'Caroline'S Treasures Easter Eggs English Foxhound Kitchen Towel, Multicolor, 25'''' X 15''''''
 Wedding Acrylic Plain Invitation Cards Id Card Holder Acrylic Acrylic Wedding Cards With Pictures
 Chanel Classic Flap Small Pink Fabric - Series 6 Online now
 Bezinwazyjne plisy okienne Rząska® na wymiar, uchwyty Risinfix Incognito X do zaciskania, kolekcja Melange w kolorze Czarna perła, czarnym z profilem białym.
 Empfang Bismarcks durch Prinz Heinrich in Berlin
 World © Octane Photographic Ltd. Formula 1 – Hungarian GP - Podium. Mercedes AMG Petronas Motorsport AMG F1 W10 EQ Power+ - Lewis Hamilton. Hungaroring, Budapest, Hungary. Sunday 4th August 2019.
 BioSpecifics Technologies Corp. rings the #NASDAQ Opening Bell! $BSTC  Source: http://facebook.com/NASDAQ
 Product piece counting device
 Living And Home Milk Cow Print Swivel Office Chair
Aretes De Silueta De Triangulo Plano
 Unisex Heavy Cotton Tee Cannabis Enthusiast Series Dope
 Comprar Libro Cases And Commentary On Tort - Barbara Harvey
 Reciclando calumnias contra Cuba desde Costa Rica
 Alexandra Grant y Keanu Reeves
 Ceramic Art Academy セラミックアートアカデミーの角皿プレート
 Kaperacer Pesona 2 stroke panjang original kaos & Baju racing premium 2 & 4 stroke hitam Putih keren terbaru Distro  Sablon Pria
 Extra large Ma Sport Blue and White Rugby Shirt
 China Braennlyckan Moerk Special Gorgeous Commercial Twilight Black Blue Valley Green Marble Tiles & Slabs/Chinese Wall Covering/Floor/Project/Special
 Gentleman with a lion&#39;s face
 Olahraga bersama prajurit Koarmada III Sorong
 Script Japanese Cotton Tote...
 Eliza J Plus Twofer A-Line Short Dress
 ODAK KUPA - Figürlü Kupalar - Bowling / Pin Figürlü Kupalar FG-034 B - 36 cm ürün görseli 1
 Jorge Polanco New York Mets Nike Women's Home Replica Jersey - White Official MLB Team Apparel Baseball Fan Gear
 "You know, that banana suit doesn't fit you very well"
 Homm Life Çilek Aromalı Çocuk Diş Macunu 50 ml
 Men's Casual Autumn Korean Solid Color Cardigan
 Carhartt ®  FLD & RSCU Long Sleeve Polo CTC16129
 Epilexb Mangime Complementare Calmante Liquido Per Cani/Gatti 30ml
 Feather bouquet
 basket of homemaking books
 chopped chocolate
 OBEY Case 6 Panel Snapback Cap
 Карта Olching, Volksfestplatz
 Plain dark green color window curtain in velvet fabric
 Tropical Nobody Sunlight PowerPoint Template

━━━━━━━━━━━━━━━━━━━━━━━━━━━━━━

◆ Task statement: Filter the entries and copy out every line with the word "White".

◆ Answer to the exercise:
 Extra large Ma Sport Blue and White Rugby Shirt
 Jorge Polanco New York Mets Nike Women's Home Replica Jersey - White Official MLB Team Apparel Baseball Fan Gear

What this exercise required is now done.